Frequently asked questions

Which chef framework is best for someone who isn't a chef?

Julia Child's accessible-mastery framework and Thomas Keller's mise-en-place discipline. Child's framework teaches you how to teach a skill without losing the technical substance — useful for anyone who has to train others or write instructional material. Keller's mise-en-place discipline is the most portable operational habit in the category; the principle of doing the preparation work before the live moment applies to almost any high-stakes execution context.

Are these useful for managing a restaurant or food business?

Yes — most of the frameworks were originally developed in the operational realities of running a restaurant. Keller's consistency framework, Waters's sourcing framework, and Bourdain's writing on kitchen culture all describe what actually happens behind the kitchen door.
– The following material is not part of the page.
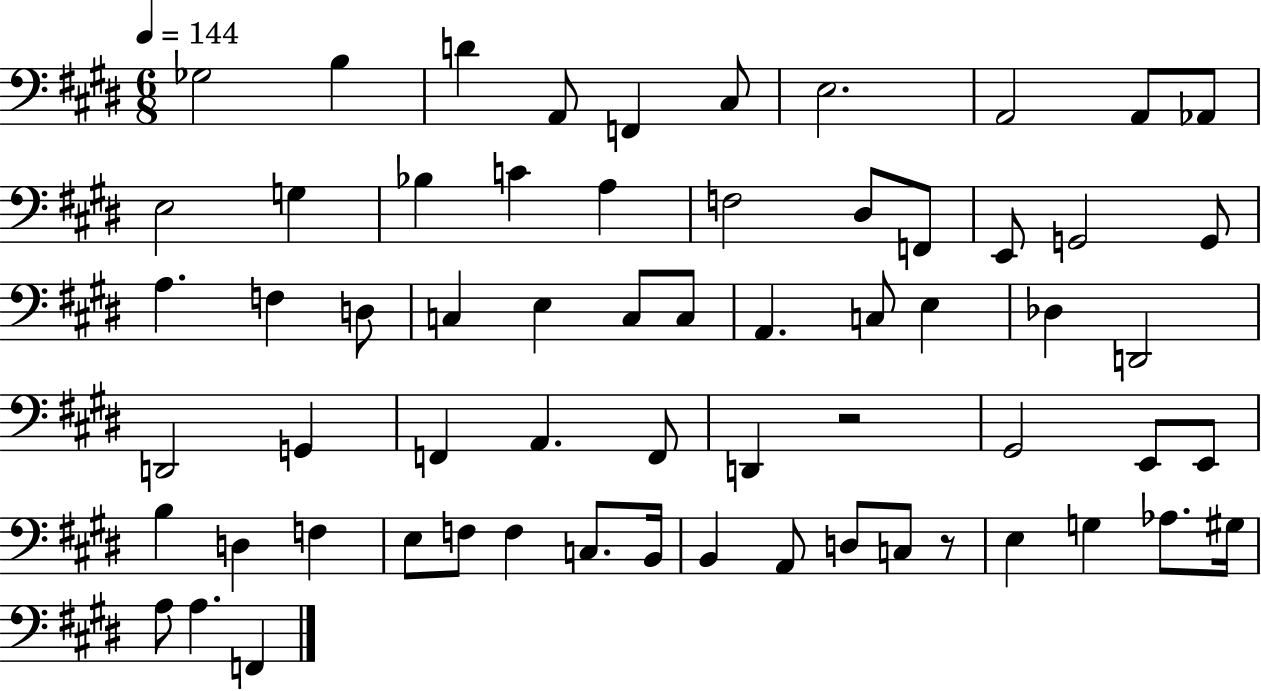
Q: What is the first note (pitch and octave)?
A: Gb3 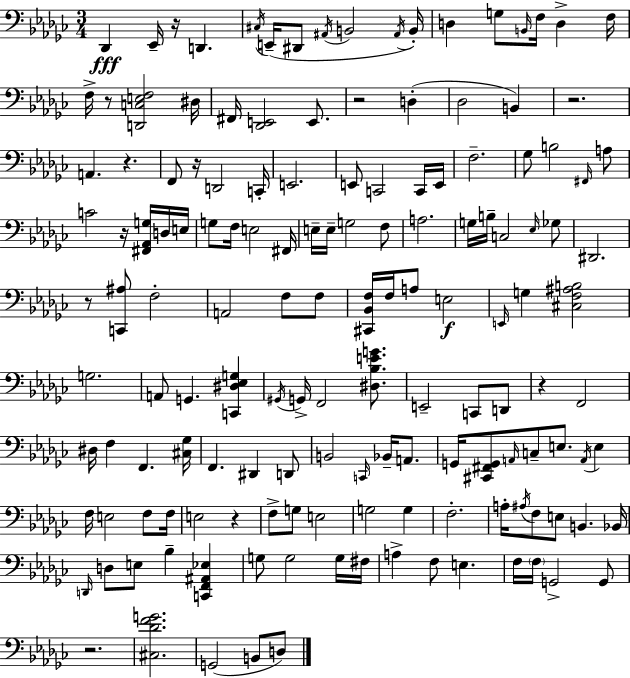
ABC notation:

The frameworks are particularly strong for the management problem of maintaining standards when you can't personally watch every plate.
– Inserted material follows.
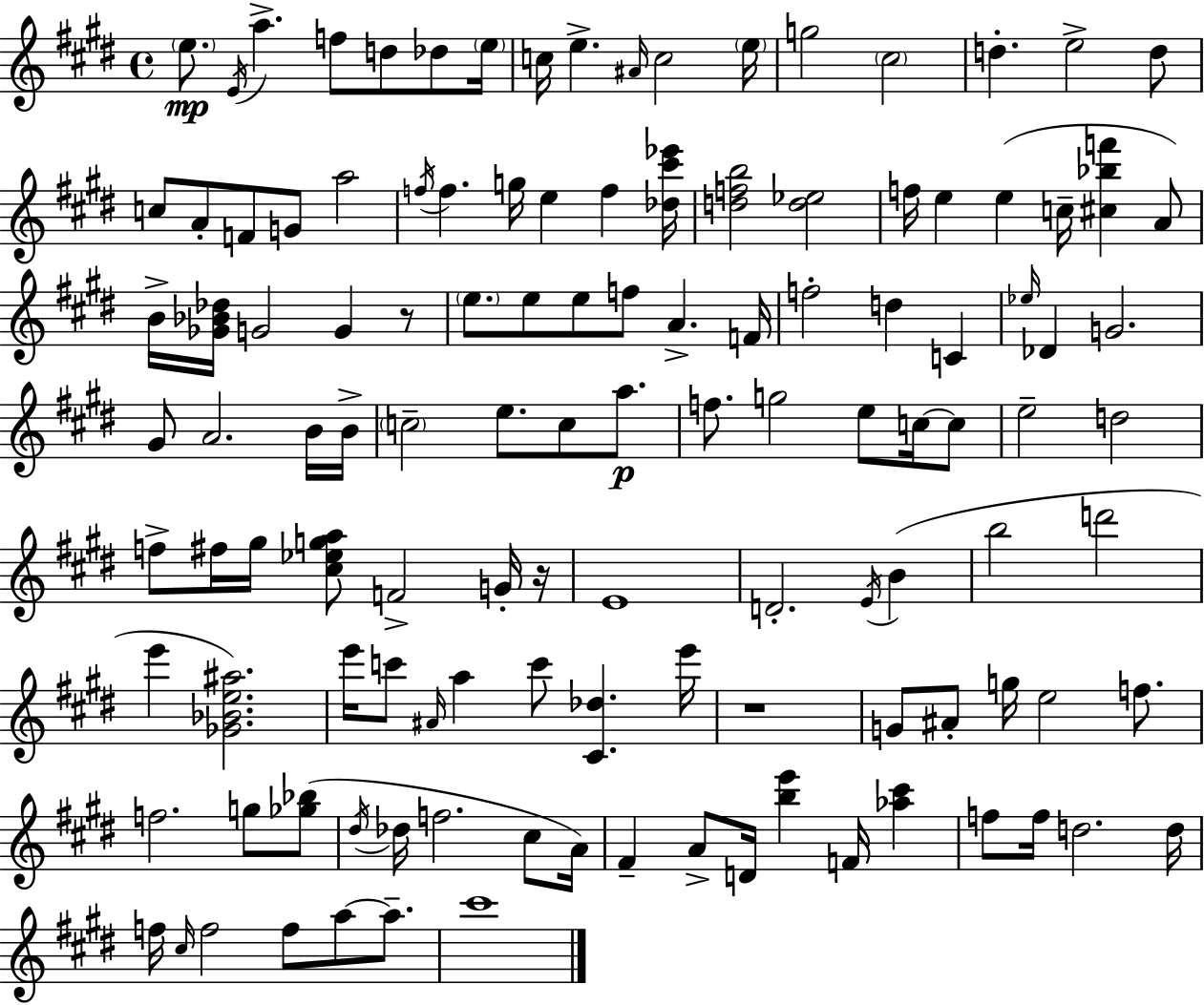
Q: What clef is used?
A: treble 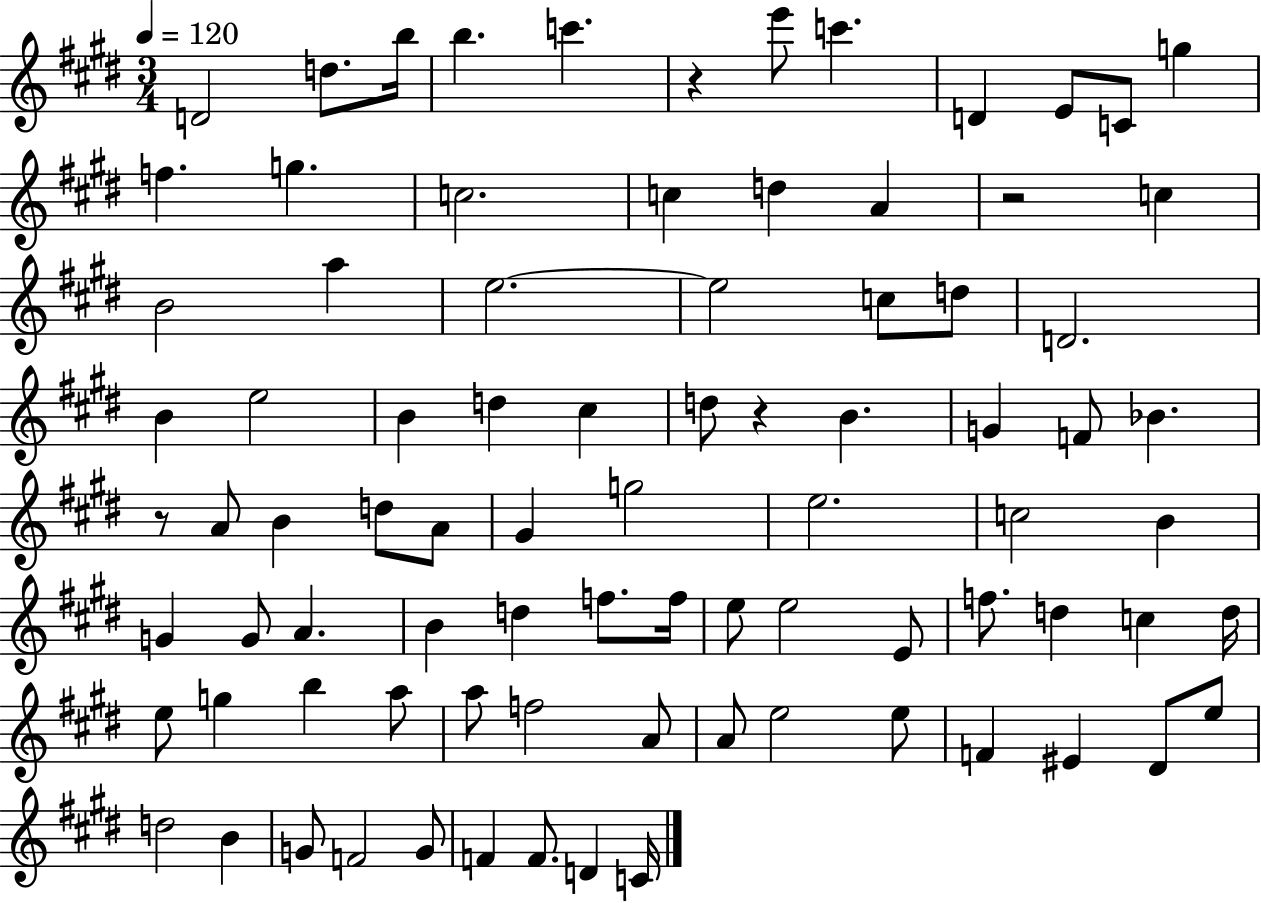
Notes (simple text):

D4/h D5/e. B5/s B5/q. C6/q. R/q E6/e C6/q. D4/q E4/e C4/e G5/q F5/q. G5/q. C5/h. C5/q D5/q A4/q R/h C5/q B4/h A5/q E5/h. E5/h C5/e D5/e D4/h. B4/q E5/h B4/q D5/q C#5/q D5/e R/q B4/q. G4/q F4/e Bb4/q. R/e A4/e B4/q D5/e A4/e G#4/q G5/h E5/h. C5/h B4/q G4/q G4/e A4/q. B4/q D5/q F5/e. F5/s E5/e E5/h E4/e F5/e. D5/q C5/q D5/s E5/e G5/q B5/q A5/e A5/e F5/h A4/e A4/e E5/h E5/e F4/q EIS4/q D#4/e E5/e D5/h B4/q G4/e F4/h G4/e F4/q F4/e. D4/q C4/s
Can these replace culinary school or professional kitchen experience?

No. Cooking is a craft learned by doing, under the pressure of service, ideally with experienced chefs watching. These frameworks describe how successful chefs thought about their work and provide useful vocabulary, but no document replicates the speed, heat, and feedback of a working kitchen. Use them as supplementary reading; the actual skill comes from the reps.

Are these useful for home cooking?

Yes, especially Child and Bourdain. Child's frameworks were explicitly built for home cooks — that's the entire point of *Mastering the Art of French Cooking*. Bourdain's curiosity-as-method approach translates well to anyone learning to cook a cuisine they didn't grow up with. The high-end restaurant frameworks (Keller, Adrià, Redzepi) are interesting reading but apply more selectively at home scale.